• _PROBLEM DESCRIPTION_
Read the records below. Copy each line where the string "Double" occurs.

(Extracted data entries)
----
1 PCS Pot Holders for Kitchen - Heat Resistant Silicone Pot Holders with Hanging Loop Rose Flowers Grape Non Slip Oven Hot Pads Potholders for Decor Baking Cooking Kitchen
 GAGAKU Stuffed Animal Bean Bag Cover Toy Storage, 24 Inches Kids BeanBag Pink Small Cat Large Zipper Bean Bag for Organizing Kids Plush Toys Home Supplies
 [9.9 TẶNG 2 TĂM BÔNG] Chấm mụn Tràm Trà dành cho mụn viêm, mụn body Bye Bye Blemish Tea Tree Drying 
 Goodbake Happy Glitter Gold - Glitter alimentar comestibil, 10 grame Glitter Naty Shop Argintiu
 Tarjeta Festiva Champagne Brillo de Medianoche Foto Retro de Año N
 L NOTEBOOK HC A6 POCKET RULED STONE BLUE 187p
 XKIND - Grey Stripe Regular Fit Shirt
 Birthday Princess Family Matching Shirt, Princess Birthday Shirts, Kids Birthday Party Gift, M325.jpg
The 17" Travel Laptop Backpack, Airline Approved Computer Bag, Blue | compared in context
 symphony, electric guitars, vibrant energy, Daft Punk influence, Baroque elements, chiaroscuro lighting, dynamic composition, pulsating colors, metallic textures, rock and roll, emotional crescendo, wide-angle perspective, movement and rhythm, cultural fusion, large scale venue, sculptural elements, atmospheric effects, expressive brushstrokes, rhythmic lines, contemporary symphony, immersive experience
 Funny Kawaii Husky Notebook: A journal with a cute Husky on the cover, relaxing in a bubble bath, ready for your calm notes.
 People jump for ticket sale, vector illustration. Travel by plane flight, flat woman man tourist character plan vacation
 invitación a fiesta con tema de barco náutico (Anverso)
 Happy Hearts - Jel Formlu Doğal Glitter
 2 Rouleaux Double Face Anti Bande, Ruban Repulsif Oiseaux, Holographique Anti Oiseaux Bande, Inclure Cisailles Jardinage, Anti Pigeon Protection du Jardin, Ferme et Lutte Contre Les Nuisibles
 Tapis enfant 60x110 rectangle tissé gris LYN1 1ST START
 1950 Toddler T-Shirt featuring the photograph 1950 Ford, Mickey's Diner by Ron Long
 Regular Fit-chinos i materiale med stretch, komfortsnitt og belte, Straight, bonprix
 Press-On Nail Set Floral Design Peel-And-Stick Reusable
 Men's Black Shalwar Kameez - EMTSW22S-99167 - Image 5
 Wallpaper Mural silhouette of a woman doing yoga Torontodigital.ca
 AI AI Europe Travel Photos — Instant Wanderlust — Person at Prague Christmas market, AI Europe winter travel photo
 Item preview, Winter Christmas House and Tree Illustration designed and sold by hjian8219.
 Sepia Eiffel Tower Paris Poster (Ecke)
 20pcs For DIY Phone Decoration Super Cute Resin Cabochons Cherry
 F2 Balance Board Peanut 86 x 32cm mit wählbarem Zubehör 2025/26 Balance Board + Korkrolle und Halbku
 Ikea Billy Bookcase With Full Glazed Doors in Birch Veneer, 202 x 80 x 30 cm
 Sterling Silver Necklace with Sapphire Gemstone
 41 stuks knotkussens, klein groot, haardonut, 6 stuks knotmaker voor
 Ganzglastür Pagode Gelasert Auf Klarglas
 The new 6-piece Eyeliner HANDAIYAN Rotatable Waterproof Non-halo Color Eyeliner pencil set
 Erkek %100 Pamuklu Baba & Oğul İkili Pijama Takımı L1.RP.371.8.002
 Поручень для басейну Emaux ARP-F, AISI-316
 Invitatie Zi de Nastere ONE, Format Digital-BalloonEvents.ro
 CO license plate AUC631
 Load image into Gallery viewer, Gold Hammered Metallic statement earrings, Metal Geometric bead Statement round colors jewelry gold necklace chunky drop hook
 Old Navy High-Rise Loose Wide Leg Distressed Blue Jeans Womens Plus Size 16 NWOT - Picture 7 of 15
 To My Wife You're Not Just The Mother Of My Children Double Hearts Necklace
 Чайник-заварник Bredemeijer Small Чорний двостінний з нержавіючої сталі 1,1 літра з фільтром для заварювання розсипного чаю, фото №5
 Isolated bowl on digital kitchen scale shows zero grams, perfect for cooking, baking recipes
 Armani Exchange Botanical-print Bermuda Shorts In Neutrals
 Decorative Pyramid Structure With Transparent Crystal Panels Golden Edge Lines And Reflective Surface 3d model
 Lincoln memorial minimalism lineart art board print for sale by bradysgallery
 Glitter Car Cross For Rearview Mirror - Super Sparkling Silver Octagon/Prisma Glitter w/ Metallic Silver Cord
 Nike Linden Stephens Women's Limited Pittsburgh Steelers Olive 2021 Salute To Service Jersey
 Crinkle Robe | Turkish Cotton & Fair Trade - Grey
----
• _TASK RESPONSE_
 2 Rouleaux Double Face Anti Bande, Ruban Repulsif Oiseaux, Holographique Anti Oiseaux Bande, Inclure Cisailles Jardinage, Anti Pigeon Protection du Jardin, Ferme et Lutte Contre Les Nuisibles
 To My Wife You're Not Just The Mother Of My Children Double Hearts Necklace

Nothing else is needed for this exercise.